Breitling watches are now recognized by the vintage watch collecting market as some of the finest timepieces ever made, and overlooked for far too long. Worn by athletes, astronauts, and aviators worldwide, Breitling’s have always very much been professional watches for those demanding precision. This notion is surely supported by the brand’s logo — the winged B-initial – which clearly links the watch manufacturer to the industry in which they’ve played such an active role, aviation. With this in mind, it is rather fitting that Breitling was established in 1884, just under two decades prior to the first successful flight in modern history. Léon Breitling was the man behind this new watchmaking venture, situated in the midst of the Swiss Jura Mountains.

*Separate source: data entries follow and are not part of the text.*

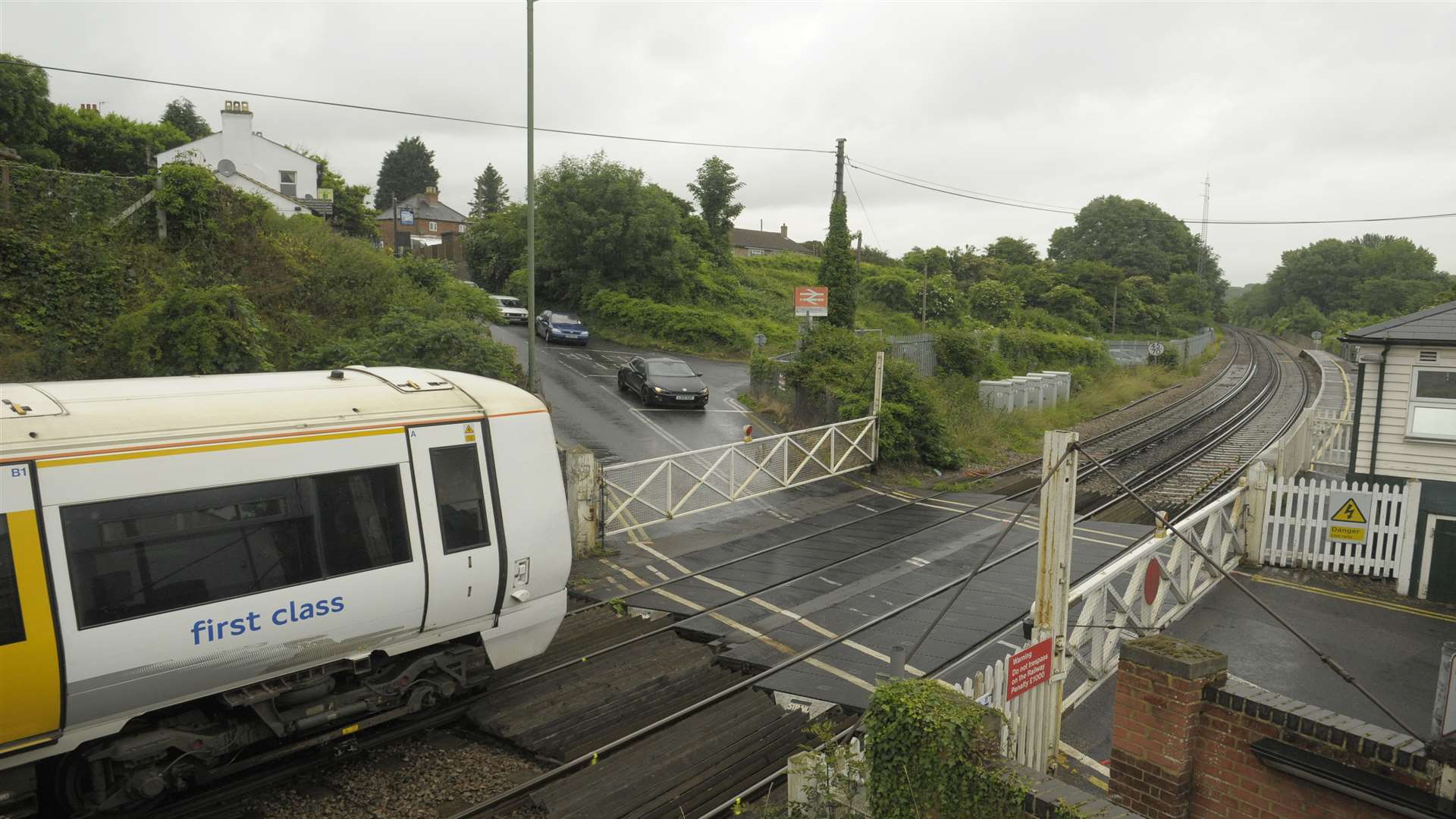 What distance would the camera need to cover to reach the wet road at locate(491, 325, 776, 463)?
2080 cm

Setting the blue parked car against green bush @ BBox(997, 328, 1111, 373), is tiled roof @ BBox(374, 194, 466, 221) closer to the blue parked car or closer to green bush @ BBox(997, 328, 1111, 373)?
the blue parked car

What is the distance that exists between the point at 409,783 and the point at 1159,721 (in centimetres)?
574

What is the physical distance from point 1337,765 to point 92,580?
7.92 m

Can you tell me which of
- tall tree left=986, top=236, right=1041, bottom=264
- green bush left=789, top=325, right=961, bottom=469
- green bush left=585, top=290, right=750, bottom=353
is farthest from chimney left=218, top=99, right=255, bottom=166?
tall tree left=986, top=236, right=1041, bottom=264

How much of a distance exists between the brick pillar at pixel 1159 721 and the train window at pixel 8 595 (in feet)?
24.1

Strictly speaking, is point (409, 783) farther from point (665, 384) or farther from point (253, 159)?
point (253, 159)

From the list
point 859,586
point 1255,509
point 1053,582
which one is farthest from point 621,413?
point 1053,582

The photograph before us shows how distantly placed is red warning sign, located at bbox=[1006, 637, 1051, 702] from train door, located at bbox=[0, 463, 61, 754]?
6.63 metres

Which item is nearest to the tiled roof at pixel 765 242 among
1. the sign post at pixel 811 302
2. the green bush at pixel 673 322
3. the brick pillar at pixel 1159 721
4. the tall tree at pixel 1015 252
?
the tall tree at pixel 1015 252

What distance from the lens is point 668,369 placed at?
1026 inches

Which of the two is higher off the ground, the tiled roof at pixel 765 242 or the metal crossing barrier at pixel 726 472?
the tiled roof at pixel 765 242

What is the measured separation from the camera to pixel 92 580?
576 centimetres

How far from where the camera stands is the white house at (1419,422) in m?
12.2

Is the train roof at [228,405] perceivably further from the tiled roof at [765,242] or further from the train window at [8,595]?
the tiled roof at [765,242] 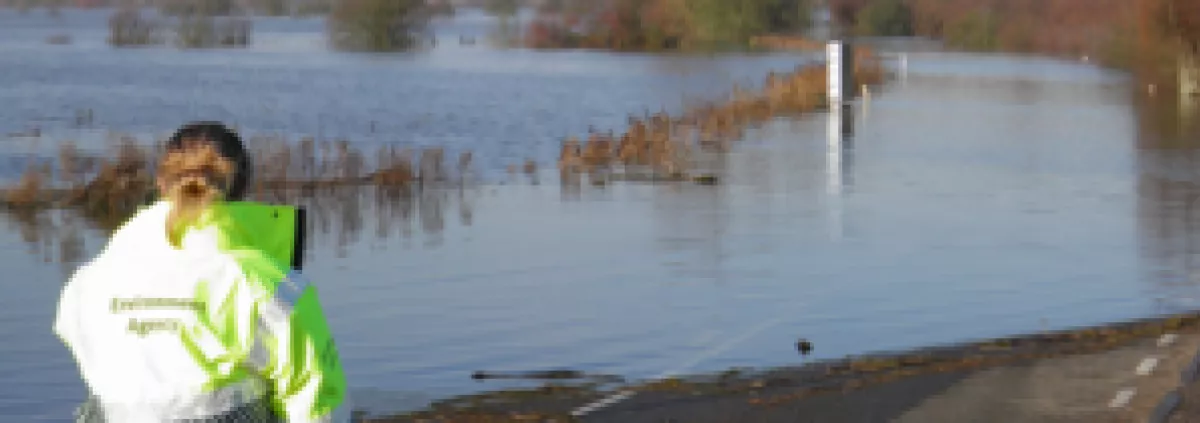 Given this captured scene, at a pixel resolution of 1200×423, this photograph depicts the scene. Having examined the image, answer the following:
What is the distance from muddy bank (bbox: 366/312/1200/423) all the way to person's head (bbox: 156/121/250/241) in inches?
253

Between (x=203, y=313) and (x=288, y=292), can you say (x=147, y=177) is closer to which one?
(x=203, y=313)

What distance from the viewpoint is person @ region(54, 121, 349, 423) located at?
4.59 meters

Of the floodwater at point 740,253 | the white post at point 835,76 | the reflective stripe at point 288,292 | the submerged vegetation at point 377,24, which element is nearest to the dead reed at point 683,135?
the white post at point 835,76

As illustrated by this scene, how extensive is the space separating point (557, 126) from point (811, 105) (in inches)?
245

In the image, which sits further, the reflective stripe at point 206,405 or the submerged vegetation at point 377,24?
the submerged vegetation at point 377,24

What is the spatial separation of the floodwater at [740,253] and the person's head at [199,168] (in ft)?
26.1

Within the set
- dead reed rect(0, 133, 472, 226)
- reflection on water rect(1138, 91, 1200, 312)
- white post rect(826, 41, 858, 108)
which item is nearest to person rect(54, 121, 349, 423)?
reflection on water rect(1138, 91, 1200, 312)

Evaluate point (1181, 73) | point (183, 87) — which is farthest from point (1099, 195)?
point (183, 87)

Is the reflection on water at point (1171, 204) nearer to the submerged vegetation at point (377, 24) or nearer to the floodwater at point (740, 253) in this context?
the floodwater at point (740, 253)

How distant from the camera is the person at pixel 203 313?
4594 millimetres

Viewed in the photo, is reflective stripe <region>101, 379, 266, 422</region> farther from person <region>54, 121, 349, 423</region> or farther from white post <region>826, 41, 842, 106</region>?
white post <region>826, 41, 842, 106</region>

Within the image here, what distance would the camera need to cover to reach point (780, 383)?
1227 centimetres

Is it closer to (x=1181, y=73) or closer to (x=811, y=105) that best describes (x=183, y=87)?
(x=811, y=105)

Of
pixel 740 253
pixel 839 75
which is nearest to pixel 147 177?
pixel 740 253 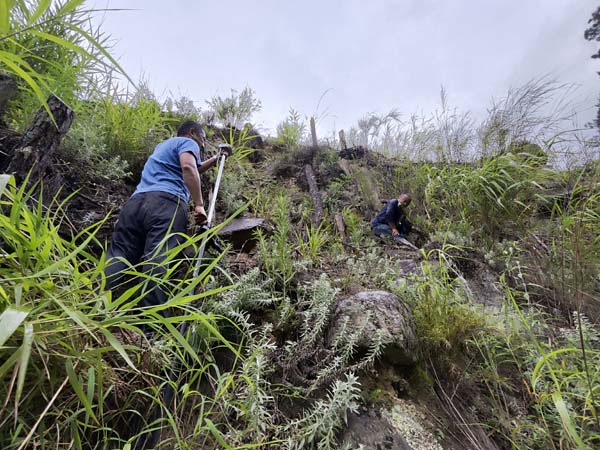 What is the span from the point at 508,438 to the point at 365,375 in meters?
0.57

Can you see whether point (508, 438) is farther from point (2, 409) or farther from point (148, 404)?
point (2, 409)

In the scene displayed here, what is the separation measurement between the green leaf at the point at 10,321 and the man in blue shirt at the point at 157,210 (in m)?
1.03

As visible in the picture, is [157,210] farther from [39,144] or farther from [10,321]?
[10,321]

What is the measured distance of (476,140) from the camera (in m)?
3.69

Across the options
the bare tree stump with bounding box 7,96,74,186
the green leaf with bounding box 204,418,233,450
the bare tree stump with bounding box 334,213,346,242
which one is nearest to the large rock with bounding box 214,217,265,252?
the bare tree stump with bounding box 334,213,346,242

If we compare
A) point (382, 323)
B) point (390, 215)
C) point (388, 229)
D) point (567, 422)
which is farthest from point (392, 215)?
point (567, 422)

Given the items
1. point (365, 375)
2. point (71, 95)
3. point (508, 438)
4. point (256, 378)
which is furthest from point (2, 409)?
point (71, 95)

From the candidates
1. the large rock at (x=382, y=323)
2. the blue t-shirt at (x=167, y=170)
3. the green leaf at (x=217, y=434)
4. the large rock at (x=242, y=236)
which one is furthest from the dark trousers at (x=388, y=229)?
the green leaf at (x=217, y=434)

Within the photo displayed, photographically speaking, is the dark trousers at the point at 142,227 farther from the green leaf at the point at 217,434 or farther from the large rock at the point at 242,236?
the green leaf at the point at 217,434

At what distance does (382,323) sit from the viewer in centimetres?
149

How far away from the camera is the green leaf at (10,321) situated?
603 millimetres

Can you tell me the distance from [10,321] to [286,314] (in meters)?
1.17

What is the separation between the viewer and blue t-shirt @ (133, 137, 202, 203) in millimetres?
2326

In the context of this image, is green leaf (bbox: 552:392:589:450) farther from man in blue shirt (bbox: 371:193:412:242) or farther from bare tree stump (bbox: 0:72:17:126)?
bare tree stump (bbox: 0:72:17:126) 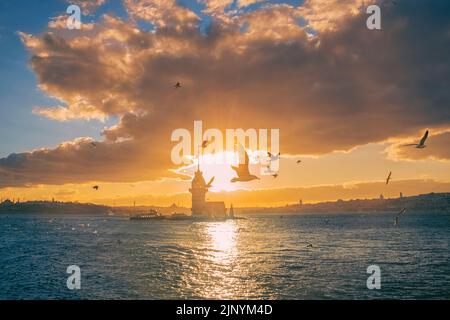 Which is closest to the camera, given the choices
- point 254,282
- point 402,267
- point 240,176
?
point 240,176

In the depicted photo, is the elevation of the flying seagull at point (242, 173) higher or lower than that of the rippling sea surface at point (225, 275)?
higher

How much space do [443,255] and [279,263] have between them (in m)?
28.3

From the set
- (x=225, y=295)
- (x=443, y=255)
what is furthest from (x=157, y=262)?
(x=443, y=255)

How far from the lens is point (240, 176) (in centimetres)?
2467

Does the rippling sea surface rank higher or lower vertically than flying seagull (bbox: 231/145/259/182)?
lower

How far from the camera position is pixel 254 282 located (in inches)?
1388

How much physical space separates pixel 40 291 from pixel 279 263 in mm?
27696

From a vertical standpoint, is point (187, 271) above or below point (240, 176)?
below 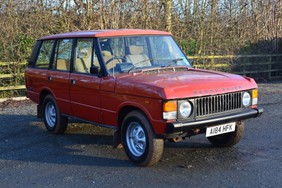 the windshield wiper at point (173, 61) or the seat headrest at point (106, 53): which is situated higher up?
the seat headrest at point (106, 53)

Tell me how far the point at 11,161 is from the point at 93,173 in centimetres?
153

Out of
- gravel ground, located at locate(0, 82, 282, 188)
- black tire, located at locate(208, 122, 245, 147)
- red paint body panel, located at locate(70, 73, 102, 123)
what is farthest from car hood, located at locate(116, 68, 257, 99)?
gravel ground, located at locate(0, 82, 282, 188)

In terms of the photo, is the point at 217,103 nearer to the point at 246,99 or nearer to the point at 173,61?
the point at 246,99

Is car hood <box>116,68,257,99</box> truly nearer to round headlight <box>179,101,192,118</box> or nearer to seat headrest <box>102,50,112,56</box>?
round headlight <box>179,101,192,118</box>

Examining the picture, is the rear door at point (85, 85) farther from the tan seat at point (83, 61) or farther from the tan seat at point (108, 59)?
the tan seat at point (108, 59)

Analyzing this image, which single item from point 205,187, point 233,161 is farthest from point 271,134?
point 205,187

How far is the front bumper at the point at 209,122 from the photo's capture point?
5.09m

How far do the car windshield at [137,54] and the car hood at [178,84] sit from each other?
260mm

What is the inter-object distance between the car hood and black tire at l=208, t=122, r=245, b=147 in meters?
0.79

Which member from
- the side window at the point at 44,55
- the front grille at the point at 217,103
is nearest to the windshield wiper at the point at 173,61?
the front grille at the point at 217,103

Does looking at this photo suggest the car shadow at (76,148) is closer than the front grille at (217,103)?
No

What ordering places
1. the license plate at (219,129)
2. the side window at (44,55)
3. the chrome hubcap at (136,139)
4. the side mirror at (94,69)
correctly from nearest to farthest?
the license plate at (219,129)
the chrome hubcap at (136,139)
the side mirror at (94,69)
the side window at (44,55)

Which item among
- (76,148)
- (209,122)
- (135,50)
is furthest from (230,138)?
(76,148)

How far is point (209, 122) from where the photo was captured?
5332 mm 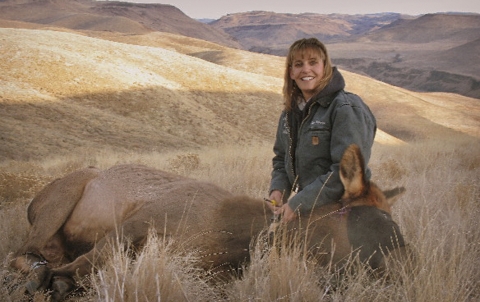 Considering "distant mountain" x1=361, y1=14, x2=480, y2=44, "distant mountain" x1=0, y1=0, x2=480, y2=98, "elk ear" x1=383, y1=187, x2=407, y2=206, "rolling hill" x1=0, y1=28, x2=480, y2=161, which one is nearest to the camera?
"elk ear" x1=383, y1=187, x2=407, y2=206

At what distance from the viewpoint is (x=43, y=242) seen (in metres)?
3.86

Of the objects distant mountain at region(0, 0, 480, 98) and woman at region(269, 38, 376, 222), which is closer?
woman at region(269, 38, 376, 222)

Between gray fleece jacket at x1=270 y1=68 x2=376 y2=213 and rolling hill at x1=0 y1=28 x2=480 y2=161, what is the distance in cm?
980

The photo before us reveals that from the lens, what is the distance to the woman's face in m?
3.59

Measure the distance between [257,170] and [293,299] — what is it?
5763 millimetres

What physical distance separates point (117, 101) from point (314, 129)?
1735cm

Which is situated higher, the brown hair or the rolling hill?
the brown hair

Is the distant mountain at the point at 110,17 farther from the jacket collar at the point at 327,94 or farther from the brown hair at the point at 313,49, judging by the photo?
the jacket collar at the point at 327,94

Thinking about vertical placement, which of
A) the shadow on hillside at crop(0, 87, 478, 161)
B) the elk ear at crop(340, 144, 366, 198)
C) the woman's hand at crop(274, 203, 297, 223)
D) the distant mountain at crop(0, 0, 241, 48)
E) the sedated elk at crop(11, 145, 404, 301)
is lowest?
the shadow on hillside at crop(0, 87, 478, 161)

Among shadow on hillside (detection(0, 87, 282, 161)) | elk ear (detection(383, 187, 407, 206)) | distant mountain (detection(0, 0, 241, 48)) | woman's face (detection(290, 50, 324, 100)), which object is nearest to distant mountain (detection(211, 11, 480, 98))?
distant mountain (detection(0, 0, 241, 48))

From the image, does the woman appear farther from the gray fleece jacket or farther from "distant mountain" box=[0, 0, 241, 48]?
"distant mountain" box=[0, 0, 241, 48]

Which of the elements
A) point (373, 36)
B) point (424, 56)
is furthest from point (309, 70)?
point (373, 36)

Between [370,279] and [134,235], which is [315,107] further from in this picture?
[134,235]

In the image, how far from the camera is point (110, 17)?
130 metres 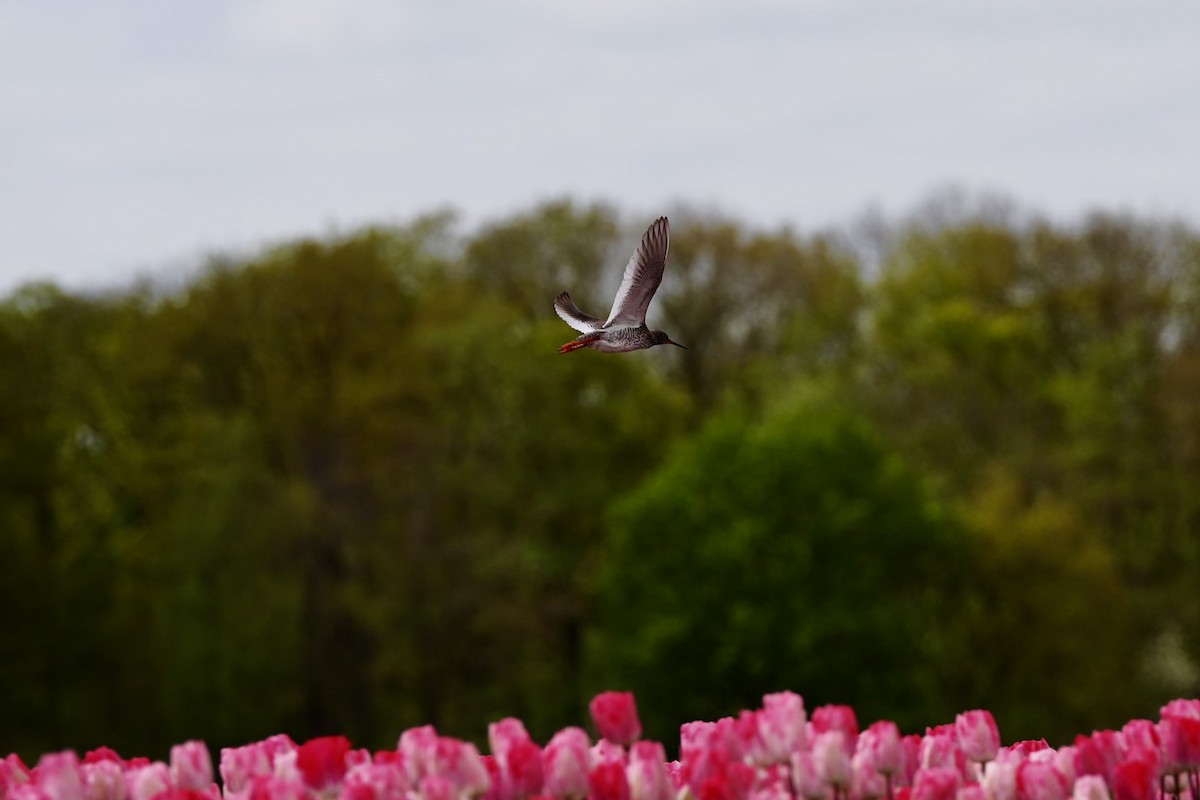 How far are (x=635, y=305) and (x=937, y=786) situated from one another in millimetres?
1794

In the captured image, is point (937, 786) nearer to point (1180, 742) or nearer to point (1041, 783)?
point (1041, 783)

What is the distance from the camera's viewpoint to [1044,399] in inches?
2130

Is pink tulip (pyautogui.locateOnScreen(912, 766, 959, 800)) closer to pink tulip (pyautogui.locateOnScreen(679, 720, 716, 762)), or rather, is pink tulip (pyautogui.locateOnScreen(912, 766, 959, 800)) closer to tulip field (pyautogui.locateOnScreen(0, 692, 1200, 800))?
tulip field (pyautogui.locateOnScreen(0, 692, 1200, 800))

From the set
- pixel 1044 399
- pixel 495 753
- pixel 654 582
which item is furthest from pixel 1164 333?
pixel 495 753

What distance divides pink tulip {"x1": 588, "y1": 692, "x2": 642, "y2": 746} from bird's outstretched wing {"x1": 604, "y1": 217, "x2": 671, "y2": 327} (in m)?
1.20

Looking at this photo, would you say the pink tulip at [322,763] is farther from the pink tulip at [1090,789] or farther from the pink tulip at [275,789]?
the pink tulip at [1090,789]

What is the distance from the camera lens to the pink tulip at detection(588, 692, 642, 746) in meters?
6.28

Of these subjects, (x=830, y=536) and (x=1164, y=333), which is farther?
(x=1164, y=333)

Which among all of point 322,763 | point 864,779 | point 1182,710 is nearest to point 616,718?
point 864,779

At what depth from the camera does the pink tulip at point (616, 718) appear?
6.28 metres

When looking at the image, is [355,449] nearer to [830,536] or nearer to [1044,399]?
[830,536]

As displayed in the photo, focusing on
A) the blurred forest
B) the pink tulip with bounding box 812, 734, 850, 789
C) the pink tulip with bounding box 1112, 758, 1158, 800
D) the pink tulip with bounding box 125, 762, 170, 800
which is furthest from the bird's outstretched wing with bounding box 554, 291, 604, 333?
the blurred forest

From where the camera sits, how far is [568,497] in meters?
51.3

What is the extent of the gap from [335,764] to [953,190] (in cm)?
5925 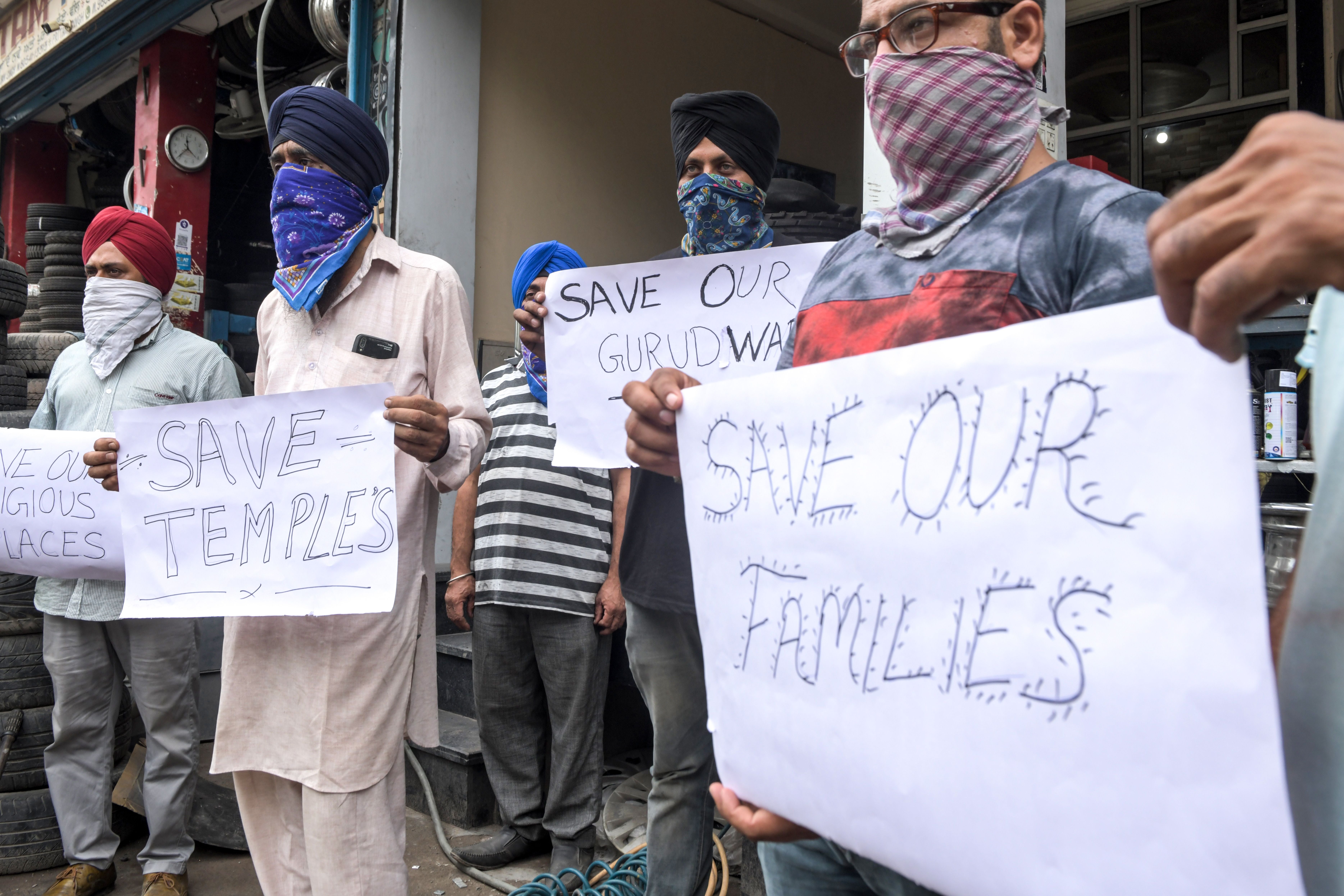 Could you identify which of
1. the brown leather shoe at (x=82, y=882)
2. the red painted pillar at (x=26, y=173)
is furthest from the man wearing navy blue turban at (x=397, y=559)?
the red painted pillar at (x=26, y=173)

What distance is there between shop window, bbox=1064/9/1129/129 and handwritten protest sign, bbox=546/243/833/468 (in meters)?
5.43

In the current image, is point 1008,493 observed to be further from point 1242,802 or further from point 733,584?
point 733,584

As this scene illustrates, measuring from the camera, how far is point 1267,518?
108 inches

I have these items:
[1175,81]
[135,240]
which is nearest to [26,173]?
[135,240]

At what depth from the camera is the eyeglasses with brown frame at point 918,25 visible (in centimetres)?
123

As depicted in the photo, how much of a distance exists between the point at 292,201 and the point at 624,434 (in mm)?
941

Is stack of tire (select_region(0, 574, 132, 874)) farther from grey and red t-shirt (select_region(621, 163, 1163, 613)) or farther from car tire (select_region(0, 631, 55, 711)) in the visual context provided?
grey and red t-shirt (select_region(621, 163, 1163, 613))

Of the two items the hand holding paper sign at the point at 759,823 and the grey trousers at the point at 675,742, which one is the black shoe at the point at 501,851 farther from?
the hand holding paper sign at the point at 759,823

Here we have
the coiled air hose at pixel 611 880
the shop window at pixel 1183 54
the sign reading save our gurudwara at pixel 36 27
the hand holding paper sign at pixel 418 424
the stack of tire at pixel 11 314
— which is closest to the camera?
the hand holding paper sign at pixel 418 424

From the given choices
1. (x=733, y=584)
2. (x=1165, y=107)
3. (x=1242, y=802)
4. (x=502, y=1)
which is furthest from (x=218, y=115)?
(x=1242, y=802)

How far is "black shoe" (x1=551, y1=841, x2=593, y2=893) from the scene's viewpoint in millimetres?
3270

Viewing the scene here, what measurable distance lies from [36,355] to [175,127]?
3.96 meters

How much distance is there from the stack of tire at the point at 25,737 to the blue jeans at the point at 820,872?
10.4ft

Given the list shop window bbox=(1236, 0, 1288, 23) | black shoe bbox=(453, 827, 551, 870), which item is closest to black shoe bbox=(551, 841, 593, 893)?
black shoe bbox=(453, 827, 551, 870)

Like many of his peers, Léon Breitling found motor racing and the timing of speed fascinating, which is why he launched his manufacture with the mission of creating the ultimate stopwatch, to track elapsed time with the utmost precision. As a result, Breitling’s back catalogue is now absolutely packed with high-quality chronographs, and the brand is also credited with making great developments in the field of the particular complication. These include the first watch with an independent chronograph pusher — introduced by Breitling in 1923. Up until this point, stopwatches were typically operated via the winding crown, which did afford a more elegant design, albeit at the cost of lesser functionality. In 1934, a second pusher, capable resetting the chronograph to zero was introduced, thus creating the modern chronograph we know and celebrate to this day. The now seemingly commonplace mechanical breakthrough that was the implementation of two pushers and a crown, goes back to the ground-breaking innovation by Breitling.
As a proponent of both tradition and innovation, the family run firm that was Breitling rose to fame to become one of the most important watch manufacturers worldwide and ultimately one of most coveted manufactures of vintage watches. Under the leadership of the founder’s grandson, Willy Breitling, the manufacturer aimed for the sky, so to speak. Beginning in 1936, Breilting entered the aviation sphere with a chronograph that was manufactured for aircraft cockpits and used by a wide variety of notable aircraft manufacturers. This dash mounted chronograph earned Breitling a contract with the Royal Air Force as well as the United States Air Force, and would play an important role in the development of the brand’s next notable creaetion, The Chronomat. Introduced in 1947, and followed later by its sophisticated successor, the Navitimer, this watch helped Breitling become firmly established in the world of aviation, as the timepiece of choice to be found on the wrists of pilots. To this day, the circular slide rule found on the bezel of the watch remains an iconic feature of Navitimer.
Soon, the skies would no longer be the limit, as the Navitimer continued to attract attention in not only aviation circles, but those of aerospace, as well. In 1962, Breitling would craft a special model known as the Cosmonaute, to accompany Project Mercury astronaut to outer space. As per Carpenter’s requests, the Cosmonaute incorporated key Navitimer design elements, but also featured a 24-hour display, so that the exact time could be read with ease, and night and day could be effectively distinguished in the dark abyss outer space. Breitling was now reaching for the stars. This goes to show the innovative, boundary pushing nature that has come to define Breitling, and the many timepieces collectors now covet.